Monday, March 3, 2008

We're talking Locavores next Tuesday!

Locavore is defined as:

Someone whose diet consists of food grown or produced within an area most commonly bound by a 100-mile radius of their home. Locavores usually shun large supermarket chains, opting for farmer's markets and local gardens instead. It is also a current trend for many high-end restaurants as well.

This word was just declared Oxford American Dictionary's 2007 Word of the Year. It was coined in 2005 by a group of four women from San Francisco. It's also sometimes spelled localvores.

Is Locavore/Localvore a word you are familiar with?

If you are reading Barbara Kingsolver's "Animal, Vegetable, Miracle: A Year of Food Life" like I am, it's a word/concept I'm coming to understand more and more. We're getting together next Tuesday, 3/11 at 4pm to talk books and food. Everyone is invited to join us - whether or notyou've read the book - and talk about the concept of eating locally -specifically how to eat locally in Northern Minnesota. Maggie Montgomery will be on hand totalk about how she has been eating locally since last July.

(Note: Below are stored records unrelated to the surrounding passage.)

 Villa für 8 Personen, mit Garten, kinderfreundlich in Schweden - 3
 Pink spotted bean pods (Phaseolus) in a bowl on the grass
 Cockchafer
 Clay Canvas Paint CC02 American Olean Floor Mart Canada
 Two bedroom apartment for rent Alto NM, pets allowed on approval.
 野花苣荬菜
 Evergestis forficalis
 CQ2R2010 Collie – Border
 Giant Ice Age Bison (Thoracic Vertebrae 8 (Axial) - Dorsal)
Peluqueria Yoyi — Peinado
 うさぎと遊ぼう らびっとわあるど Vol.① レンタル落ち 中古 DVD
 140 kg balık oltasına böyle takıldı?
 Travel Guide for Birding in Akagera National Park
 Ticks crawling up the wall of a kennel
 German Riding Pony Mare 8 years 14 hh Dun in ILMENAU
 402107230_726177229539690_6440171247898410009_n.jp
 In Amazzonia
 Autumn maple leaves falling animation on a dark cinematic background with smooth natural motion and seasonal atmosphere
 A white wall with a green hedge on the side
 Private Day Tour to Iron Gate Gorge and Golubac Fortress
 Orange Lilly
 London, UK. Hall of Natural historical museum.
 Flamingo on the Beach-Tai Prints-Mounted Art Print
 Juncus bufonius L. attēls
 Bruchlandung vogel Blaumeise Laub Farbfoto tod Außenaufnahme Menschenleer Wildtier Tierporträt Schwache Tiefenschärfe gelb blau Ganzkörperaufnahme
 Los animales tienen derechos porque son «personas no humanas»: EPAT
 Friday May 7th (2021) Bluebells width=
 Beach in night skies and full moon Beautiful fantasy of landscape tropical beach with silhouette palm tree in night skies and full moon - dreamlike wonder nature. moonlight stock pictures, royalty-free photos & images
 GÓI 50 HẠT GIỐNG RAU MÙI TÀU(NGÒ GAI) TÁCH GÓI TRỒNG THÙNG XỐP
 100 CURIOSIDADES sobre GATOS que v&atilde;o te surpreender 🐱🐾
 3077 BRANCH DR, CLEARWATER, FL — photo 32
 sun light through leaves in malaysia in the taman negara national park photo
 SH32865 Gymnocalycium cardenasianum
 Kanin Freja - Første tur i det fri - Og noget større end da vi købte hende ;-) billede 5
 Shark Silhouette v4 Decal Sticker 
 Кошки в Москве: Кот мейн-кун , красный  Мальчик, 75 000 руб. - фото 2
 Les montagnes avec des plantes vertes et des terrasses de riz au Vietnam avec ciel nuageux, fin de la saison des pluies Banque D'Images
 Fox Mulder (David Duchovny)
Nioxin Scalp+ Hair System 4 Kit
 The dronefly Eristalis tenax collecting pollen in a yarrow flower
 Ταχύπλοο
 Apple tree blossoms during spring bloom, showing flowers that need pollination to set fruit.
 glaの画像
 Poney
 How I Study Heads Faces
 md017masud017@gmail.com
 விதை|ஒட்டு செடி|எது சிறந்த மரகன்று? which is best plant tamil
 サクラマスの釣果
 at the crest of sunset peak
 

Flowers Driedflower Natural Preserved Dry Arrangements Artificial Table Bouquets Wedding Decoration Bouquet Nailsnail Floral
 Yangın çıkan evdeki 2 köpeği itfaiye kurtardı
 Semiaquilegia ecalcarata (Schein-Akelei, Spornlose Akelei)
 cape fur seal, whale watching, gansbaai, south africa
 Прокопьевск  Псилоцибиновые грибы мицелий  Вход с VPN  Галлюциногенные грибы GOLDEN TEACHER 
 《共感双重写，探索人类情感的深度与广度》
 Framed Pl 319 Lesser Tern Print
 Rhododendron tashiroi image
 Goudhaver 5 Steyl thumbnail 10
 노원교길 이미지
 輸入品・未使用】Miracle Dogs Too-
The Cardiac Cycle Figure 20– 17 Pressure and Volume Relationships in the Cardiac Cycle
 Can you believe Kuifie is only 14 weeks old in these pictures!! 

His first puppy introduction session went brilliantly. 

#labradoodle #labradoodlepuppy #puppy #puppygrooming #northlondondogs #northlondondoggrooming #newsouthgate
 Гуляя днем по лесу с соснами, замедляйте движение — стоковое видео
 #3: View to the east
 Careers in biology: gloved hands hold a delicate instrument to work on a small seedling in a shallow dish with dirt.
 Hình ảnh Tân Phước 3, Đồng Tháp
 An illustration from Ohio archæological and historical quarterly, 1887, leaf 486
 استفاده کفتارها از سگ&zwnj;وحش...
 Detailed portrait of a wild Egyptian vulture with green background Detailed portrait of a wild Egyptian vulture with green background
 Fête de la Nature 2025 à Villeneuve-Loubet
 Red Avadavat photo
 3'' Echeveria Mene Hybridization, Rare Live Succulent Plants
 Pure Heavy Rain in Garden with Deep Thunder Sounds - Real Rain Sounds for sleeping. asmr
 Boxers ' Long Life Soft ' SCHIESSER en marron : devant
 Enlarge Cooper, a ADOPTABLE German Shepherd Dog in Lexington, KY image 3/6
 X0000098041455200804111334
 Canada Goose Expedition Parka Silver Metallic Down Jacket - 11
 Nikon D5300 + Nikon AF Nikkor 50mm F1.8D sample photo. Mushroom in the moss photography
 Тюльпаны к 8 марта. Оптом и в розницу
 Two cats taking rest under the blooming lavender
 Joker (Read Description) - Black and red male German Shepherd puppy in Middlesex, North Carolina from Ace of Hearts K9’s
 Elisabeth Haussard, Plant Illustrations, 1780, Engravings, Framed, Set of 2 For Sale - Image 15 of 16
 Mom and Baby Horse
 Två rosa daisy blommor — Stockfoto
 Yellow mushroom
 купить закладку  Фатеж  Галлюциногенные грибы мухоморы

Not only am I considering a more extensive garden this year, making cheese
has actually crossed my mind after reading the book! Kingsolver writes about the New England Cheesemaking Company where she learned to make homemade mozzarella and other cheeses. Have you ever made cheese? Let us know! What local food do you eat?

1 comment:

Anonymous said...

We always had a garden and chickens growing up; Weeding, feeding, watering & cultivating were all part of our chores. Even though I have always had a healthy understanding of where food comes from, over the years shopping at the grocery store has desensitized me. Reading Barbara Kingsolver's book, and tracking Maggie's local food odyssey, along with KAXE's local food programming have made me realize how disconnected I am with that sense of where things come from, or why they are coming from so far away when they are available locally. I don't have Maggie's gardening skills (I would surely starve if I only ate what I can grow) but these topics have really made me stop and think when I shop about where my food comes from, who profits from it, and do I really need it? The mango in my refrigerator gives me pangs of guilt every time I open the door....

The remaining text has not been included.